March 28, 2011, 4:01 PM — This week I found out that my company is developing software in-house. Until now I hadn't known that we were a software development shop, but I guess I shouldn't be surprised. Most companies that I've been with have developed their own software for one purpose or another. I only learned about this software development project when one of the programmers approached me to ask about the best way to store usernames and passwords in the application's database. Yes, that's right -- they built the authentication right inside the application, instead of calling out to an external authentication source.
If you're like me, you're thinking this is crazy. Why build an authentication capability into an application when we already have Active Directory? Seems to me that using Microsoft APIs to perform user authentication would be a lot easier. But I'm not a programmer. I have no idea why people build their own authentication into applications. At my company, we use a lot of off-the-shelf applications, and it seems like only about half of them work with Active Directory. The rest have their own built-in usernames and passwords. So it's not uncommon.

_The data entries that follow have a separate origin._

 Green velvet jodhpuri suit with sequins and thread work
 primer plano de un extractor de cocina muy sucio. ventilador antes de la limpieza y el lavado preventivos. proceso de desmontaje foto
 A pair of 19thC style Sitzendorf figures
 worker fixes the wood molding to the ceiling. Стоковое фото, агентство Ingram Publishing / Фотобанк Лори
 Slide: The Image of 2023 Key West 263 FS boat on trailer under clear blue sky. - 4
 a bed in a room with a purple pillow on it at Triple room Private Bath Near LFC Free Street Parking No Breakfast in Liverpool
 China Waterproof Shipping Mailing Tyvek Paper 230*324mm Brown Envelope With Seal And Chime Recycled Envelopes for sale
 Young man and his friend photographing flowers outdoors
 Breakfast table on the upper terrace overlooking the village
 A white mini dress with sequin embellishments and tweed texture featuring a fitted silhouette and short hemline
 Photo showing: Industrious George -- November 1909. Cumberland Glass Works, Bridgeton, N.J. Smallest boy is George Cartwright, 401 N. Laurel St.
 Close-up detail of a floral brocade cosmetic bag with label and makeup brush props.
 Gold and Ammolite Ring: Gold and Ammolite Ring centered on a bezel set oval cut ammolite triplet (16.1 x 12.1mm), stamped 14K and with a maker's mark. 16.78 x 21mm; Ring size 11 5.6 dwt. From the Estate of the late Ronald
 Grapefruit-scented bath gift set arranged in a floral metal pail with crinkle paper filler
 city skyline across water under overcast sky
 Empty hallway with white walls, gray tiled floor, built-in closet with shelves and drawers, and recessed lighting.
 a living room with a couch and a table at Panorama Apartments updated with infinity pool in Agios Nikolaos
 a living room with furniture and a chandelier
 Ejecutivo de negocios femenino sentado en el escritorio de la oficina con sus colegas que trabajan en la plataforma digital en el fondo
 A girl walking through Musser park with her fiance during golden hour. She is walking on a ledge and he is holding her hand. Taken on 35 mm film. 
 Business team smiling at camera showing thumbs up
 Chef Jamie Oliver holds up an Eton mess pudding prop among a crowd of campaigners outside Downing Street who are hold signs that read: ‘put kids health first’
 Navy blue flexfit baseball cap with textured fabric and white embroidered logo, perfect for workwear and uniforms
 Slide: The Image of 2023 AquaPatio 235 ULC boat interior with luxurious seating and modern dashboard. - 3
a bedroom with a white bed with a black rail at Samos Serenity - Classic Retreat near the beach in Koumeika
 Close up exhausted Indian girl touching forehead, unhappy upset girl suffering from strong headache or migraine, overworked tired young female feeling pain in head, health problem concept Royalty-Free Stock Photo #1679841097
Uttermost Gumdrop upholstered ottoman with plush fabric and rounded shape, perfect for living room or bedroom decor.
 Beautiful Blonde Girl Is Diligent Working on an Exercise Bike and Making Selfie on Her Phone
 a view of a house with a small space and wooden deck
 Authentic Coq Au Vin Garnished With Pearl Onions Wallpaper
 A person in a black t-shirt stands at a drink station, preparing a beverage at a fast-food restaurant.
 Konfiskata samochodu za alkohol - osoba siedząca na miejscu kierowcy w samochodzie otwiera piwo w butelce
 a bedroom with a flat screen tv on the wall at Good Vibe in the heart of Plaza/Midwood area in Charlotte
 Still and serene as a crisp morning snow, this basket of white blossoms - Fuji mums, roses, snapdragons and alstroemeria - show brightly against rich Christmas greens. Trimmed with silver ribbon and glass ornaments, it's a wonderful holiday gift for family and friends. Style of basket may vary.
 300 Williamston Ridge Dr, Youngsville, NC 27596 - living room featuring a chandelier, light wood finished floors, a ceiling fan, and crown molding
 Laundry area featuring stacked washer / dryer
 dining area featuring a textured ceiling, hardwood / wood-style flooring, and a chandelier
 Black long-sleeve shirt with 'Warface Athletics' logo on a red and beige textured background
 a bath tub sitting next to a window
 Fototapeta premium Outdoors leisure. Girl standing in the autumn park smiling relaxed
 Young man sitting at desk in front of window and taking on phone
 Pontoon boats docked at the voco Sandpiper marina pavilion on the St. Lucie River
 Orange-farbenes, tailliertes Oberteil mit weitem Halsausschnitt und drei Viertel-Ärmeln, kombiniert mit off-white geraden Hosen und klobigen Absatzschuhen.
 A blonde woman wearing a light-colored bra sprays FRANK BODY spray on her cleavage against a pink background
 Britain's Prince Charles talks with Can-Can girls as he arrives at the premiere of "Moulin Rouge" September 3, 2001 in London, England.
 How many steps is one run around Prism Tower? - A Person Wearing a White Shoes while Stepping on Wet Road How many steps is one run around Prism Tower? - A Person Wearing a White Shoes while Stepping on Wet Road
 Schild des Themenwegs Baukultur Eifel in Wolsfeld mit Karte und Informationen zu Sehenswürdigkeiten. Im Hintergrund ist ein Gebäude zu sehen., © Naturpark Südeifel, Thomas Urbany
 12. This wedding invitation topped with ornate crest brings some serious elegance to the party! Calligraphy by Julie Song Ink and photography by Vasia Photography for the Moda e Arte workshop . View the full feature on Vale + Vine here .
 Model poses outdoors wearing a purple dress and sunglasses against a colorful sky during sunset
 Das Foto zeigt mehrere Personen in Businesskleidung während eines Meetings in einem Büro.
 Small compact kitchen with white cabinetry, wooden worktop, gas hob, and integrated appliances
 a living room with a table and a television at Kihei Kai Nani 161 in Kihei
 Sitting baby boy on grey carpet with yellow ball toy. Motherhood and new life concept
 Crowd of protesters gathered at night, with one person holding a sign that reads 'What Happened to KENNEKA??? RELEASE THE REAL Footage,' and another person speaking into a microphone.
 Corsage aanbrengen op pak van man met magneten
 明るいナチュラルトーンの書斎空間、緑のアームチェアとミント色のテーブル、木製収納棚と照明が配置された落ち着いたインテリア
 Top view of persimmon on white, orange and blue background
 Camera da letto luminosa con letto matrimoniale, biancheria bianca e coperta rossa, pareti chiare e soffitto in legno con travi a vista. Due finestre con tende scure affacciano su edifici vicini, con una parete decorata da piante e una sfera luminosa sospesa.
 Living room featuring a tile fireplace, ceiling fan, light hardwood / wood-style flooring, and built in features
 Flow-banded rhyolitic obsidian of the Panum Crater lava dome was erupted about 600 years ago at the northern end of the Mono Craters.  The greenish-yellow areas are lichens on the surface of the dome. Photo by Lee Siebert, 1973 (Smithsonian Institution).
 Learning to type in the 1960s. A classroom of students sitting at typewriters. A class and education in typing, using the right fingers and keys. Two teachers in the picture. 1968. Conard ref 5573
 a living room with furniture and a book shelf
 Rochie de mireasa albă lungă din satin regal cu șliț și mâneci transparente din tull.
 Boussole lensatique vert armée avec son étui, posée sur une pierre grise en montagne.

In this case, my company is setting up a new Web-based service for our customers. We use a lot of software-as-a-service (SaaS) applications over the Internet, and I've put each of them through a thorough vendor security review. I want to do the same thing for our new service, now that we are getting into the SaaS business. I'm sure some of our customers will want the same level of security assurance (although I'm consistently amazed when I'm the "first" to review the security of a particular service -- even big-name companies neglect this process). I've written about "The need for real security in a virtual world" (link) and Matthias Thurman wrote about "Stopping stupid human tricks" (link), and this situation is a different but similar take on the subject.